After adding the issued site key, it can be used easily.

app/page.tsx

"use client";
import ReCaptcha from "@/components/re-captcha";
 
const ReplicatePage = () => {
  // Other code
  const [isCertification, setIsCertification] = useState<boolean>(false);
 
  const setCertificationSuccess = () => {
    setIsCertification(true);
    sessionStorage.setItem("certification", String(true)); // Set session storage
  };
 
  useEffect(() => {
    setIsCertification(
      Boolean(sessionStorage.getItem("certification")) || false // Access session storage on entry
    );
  }, []);
 
  return (
    <GridBox>
      {/* Other code */}
      {!certification && <ReCaptcha onChange={certificationSuccess} />}
    </GridBox>
  );
};
 
export default ReplicatePage;

The isCertification state checks whether the user has passed ReCaptcha.
It also stores the state in session storage to avoid asking already verified users to verify again.

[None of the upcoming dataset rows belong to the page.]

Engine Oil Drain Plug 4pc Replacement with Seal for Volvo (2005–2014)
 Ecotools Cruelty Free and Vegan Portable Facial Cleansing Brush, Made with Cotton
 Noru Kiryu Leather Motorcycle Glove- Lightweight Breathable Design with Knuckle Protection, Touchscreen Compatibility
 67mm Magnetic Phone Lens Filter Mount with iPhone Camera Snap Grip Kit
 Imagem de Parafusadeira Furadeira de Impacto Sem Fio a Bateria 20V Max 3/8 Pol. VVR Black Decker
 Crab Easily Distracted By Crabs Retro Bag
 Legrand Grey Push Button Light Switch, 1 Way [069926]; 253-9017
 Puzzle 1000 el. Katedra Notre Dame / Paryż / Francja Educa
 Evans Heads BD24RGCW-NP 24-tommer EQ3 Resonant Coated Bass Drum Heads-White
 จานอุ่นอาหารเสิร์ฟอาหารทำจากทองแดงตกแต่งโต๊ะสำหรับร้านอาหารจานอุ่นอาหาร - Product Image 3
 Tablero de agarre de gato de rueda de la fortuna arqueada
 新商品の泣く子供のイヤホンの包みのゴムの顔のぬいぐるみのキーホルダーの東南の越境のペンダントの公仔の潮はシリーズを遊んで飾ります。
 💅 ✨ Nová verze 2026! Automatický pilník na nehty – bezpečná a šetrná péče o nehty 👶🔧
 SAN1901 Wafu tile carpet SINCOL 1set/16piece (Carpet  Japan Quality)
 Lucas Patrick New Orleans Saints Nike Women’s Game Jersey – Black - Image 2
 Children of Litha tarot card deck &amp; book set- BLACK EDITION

Next, I needed to prevent "too many requests in a short time."
Even if the user is not a bot, repeated requests in a short period can still be a problem.

I used local storage to block users for 30 minutes if they sent more than 10 requests.

Blocking repeated requests in a short time

This is the code flow for blocking repeated requests by comparing time with local storage and the Date object.

The logic is simple, but the implementation is long, so I only included the flow here.
Check the GitHub source link for the code.

Error UI

After writing the UI error state code, I confirmed that it worked correctly.

Closing

https://ou-playground.com

Implementing the feature was important, but this project also showed me how important front-end security and error handling design can be.
I think I understand why companies value developers who have deployed and operated their own services.
You only start pursuing more efficient and better designs when you operate a service yourself, especially when your own money is involved.

You can check the result through the PLAYGROUND link.
At first, I only planned to build an AI text-to-image toy project, but it became so interesting that I changed it into a side project for implementing UI patterns and front-end engineering ideas that caught my attention.